In the fourth example containing the keyword "biased" (or just "b"), "), the first numerical value is the number of knot-insertions (for each existing knot-span) and the second value (\alpha) is the bias ratio, i.e., the ratio of the last knot-span to the first knot-span; (du_n = \alpha du_1). The two last values are optional start and stop parameters (relative, in range [0.0,1.0]) for the biased refinement. Their default values are 0.0 and 1.0, respectively which implies the entire knot-span.

raiseorder

Use this to raise the order of your geometry definition (order elevation, or p-refinement).

Attributes:

• patch - Use this to order elevate a particular patch.
• lowerpatch - The lower patch number.
• upperpatch - The upper patch number.
• u, v, w - The number of orders to raise for the given direction.

Value: None

Example:

<raiseorder lowerpatch="1" upperpatch="3" u="1" v="2" w="3"/>

topologysets

Use this to group topological entities. Used for applying boundary conditions, etc.

• Attributes: None
• Value: One or more <set> tags.

set

Attributes:

• name - The name of the topology set.
• type - The type of the topological entities in this group (face, edge, vertex).
• closure - Whether or not to include end points (closed, open).
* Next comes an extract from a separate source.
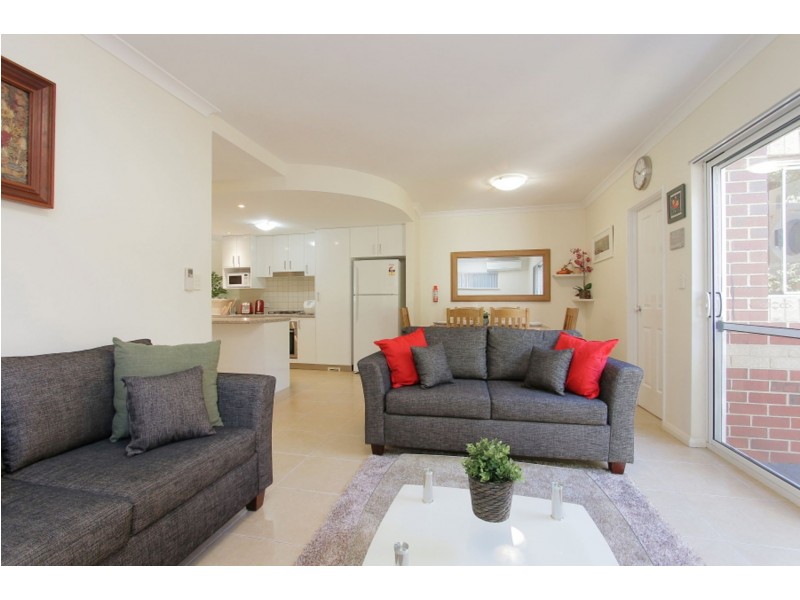 1/8-10 Salford St, Victoria Park WA 6100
Value: One or more <item> tags

#### item Attributes:

• patch - The patch this entity exists on

Value: Space separated list of entities (one indexed).

Example:

<topologysets>
  <set name="Homogenous" type="edge">
    <item patch="1">4</item>
  </set>
  <set name="Neumann" type="face">
    <item patch="1">1 2 3</item>
  </set>
  <set name="fixpoint" type="vertex">
    <item patch="1">1 2 3</item>
  </set>
</topologysets>

The convention for the topology entities in 2D:

The convention for the topology entities in 3D:

Vertices:

Edges:

Faces:

topology

Use this to define the topology of your patch blocks. A topology block consists of one or more <connection> tags.

• Attributes: None
• Values: <connection> tags

connection

A connection tag has several attributes:

• master - Patch ID for master in connection.
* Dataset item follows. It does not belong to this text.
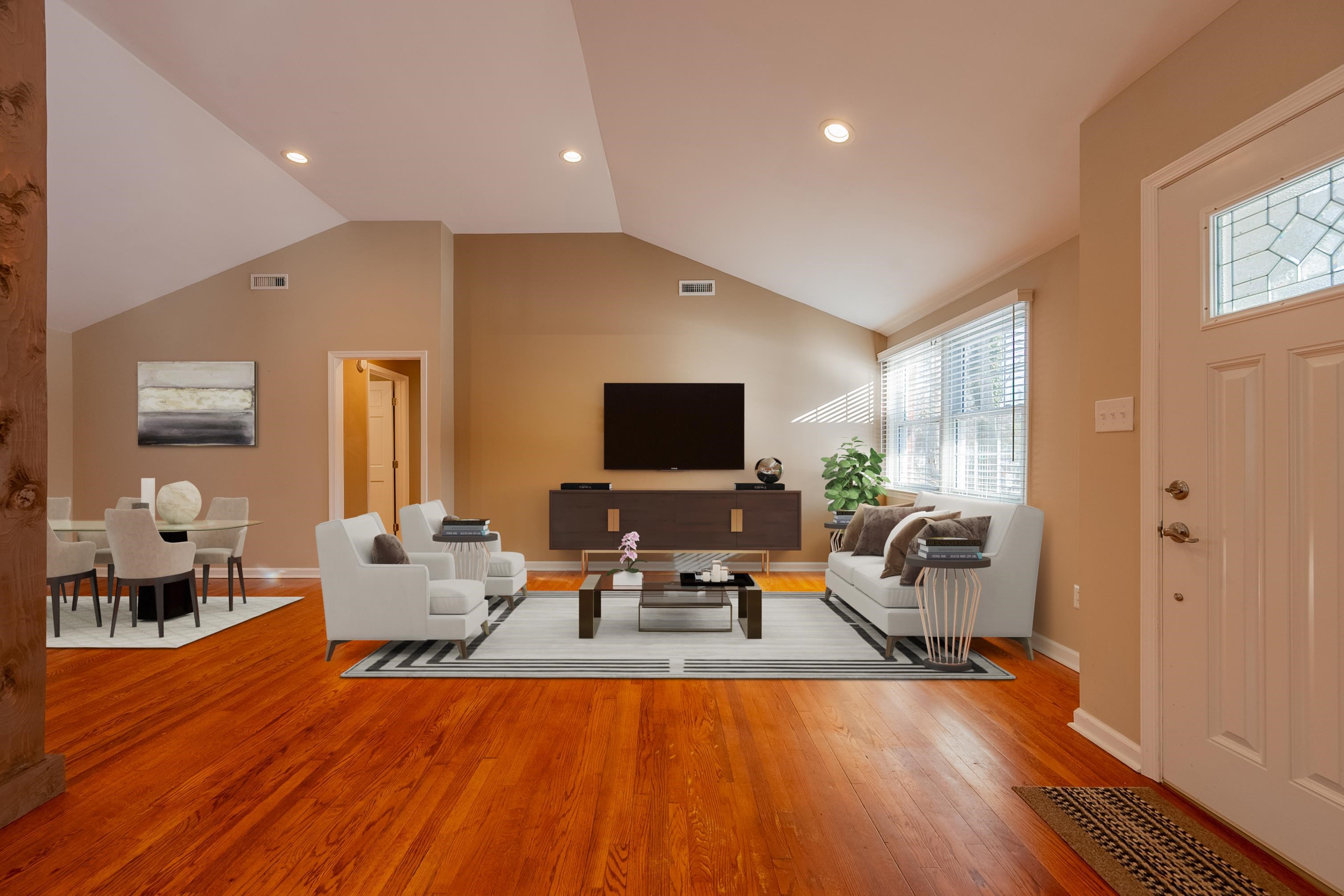 502 Edgewood Lane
• midx - Index on master patch.

• slave - Patch id for slave in connection.

• sidx - Index on slave patch.

• reverse - True to connected edges in reversed order (only used in 2D).

• periodic - True to connect edges in a periodic fashion (ie non-matching coordinates are ok).
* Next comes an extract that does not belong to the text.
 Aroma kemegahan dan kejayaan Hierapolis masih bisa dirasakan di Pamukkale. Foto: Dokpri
• basis - The bases to apply the boundary conditions to. Is a one indexed, string with 1, 2, 12, .. or 0 for all bases.

• dim - Dimensionality of connection. 0 for a vertex, 1 for a line, 2 for a face.

• orient - Orientation of connection. 0 or 1 in 2D, 0..7 in 3D.

• Attributes: master, midx, slave, sidx, reverse, periodic, basis, dim, orient

• Values: None

Example:

<topology>
  <connection master="1" midx="4" slave="2" sidx="3"/>
</topology>

triangular

The existence of this tag enables the use of linear, triangular elements in 2D.